_Problem requirements_: Look through the entries below and show every line containing the word "Cotton".

_Crawled caption data_:

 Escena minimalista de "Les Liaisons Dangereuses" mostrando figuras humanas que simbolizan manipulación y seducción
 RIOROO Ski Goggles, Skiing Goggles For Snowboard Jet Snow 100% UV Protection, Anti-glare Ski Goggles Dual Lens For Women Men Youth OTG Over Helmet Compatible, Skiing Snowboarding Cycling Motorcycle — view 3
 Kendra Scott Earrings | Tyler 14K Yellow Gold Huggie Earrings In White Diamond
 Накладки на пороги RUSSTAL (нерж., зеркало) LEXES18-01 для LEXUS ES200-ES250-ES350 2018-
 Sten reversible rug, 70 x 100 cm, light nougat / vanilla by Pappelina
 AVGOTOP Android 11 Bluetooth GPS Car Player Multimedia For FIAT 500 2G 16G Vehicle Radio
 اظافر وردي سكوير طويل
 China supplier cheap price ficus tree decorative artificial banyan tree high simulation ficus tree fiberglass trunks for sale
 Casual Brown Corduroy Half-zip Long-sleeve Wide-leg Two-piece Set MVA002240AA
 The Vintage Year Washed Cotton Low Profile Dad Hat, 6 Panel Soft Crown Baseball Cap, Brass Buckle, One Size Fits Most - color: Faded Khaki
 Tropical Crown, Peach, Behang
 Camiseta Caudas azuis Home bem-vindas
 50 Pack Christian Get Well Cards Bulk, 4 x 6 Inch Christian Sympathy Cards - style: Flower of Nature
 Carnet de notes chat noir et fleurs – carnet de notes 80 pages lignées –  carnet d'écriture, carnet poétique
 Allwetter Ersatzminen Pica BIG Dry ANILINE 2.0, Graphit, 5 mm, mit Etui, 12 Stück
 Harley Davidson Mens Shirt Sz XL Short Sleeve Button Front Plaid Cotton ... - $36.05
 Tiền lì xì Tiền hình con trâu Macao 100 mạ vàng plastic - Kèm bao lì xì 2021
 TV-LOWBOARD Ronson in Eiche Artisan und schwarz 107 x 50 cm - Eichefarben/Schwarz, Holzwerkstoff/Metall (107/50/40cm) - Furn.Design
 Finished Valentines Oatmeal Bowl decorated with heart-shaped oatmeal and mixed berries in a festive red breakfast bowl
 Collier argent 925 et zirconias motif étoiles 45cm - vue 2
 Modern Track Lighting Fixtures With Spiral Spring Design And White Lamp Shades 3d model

_Reply_:
 The Vintage Year Washed Cotton Low Profile Dad Hat, 6 Panel Soft Crown Baseball Cap, Brass Buckle, One Size Fits Most - color: Faded Khaki
 Harley Davidson Mens Shirt Sz XL Short Sleeve Button Front Plaid Cotton ... - $36.05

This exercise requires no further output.